• _Prompt_: Output all records exactly, with no images.

• _Dataset extract_:
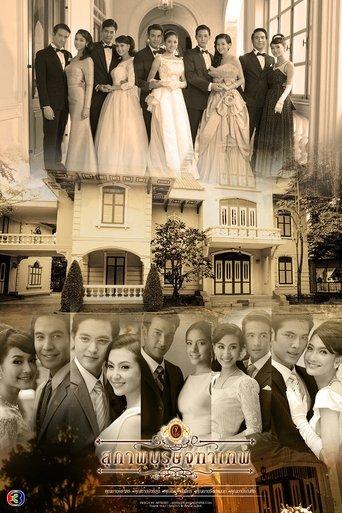 The Five Brothers dizi afişi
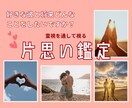 誰にも話せない、辛い片思いを答えを霊視で鑑定します 私も恋愛でつらい思いをしたので気持ちわかります。 イメージ1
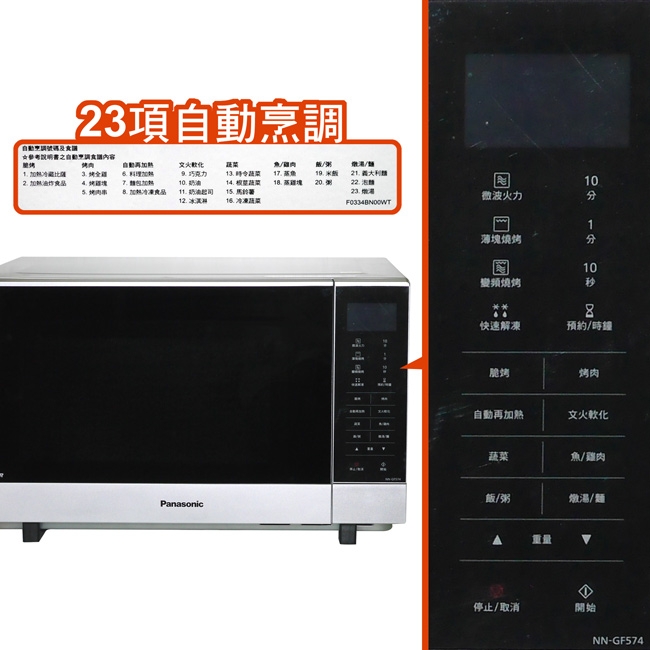 Panasonic國際牌 NN-GF574 - 詳情2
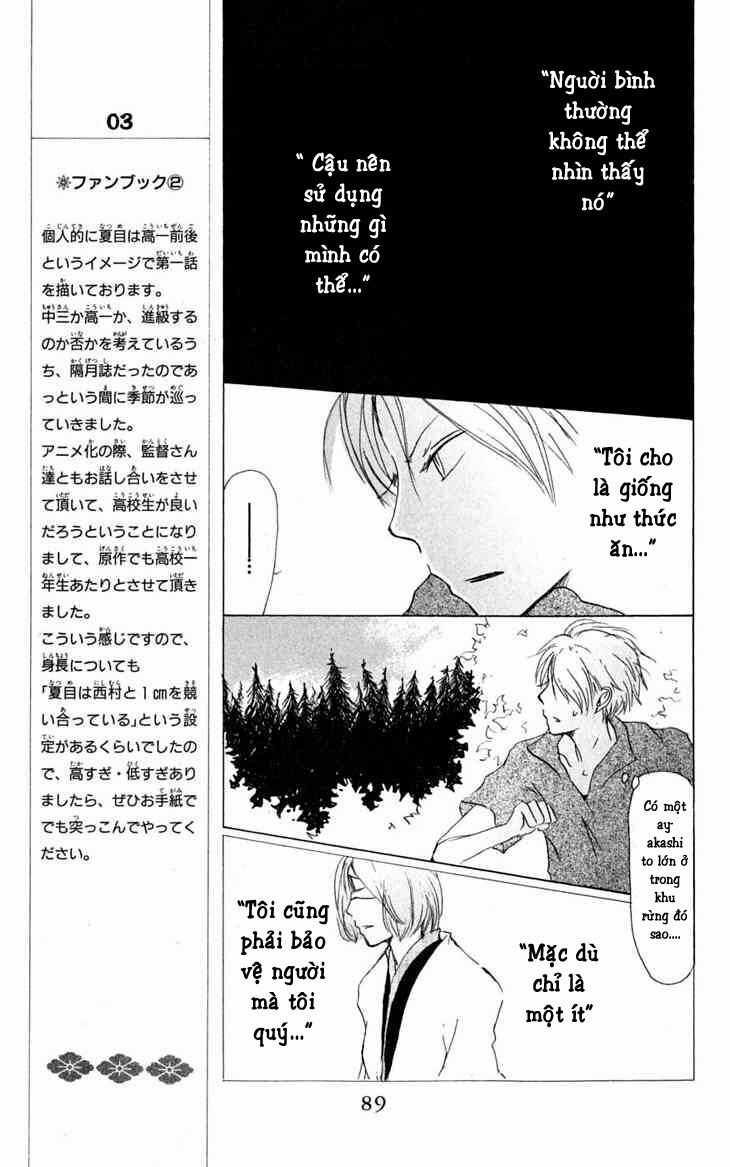 Trả Tên Lại Cho Yêu Quái Chapter 25 trang 17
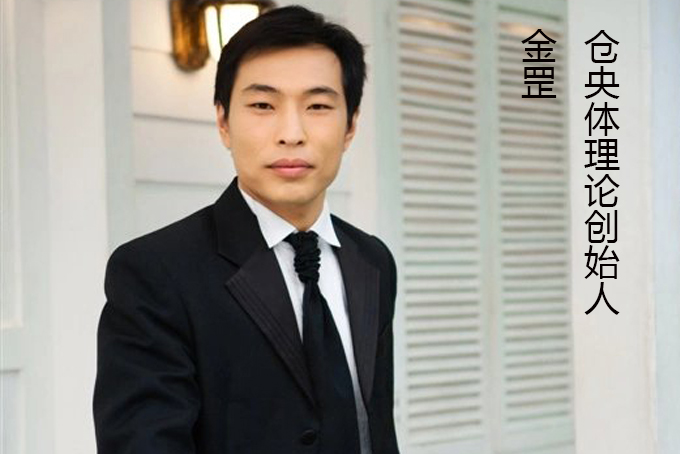 张一真赏析仓央体创始人金罡作品桃花归处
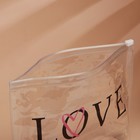 Косметичка из прозрачного PVC 21 х2 х14 см «LOVE» - Фото 3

• _Response below_:
 The Five Brothers dizi afişi
 誰にも話せない、辛い片思いを答えを霊視で鑑定します 私も恋愛でつらい思いをしたので気持ちわかります。 イメージ1
 Panasonic國際牌 NN-GF574 - 詳情2
 Trả Tên Lại Cho Yêu Quái Chapter 25 trang 17
 张一真赏析仓央体创始人金罡作品桃花归处
 Косметичка из прозрачного PVC 21 х2 х14 см «LOVE» - Фото 3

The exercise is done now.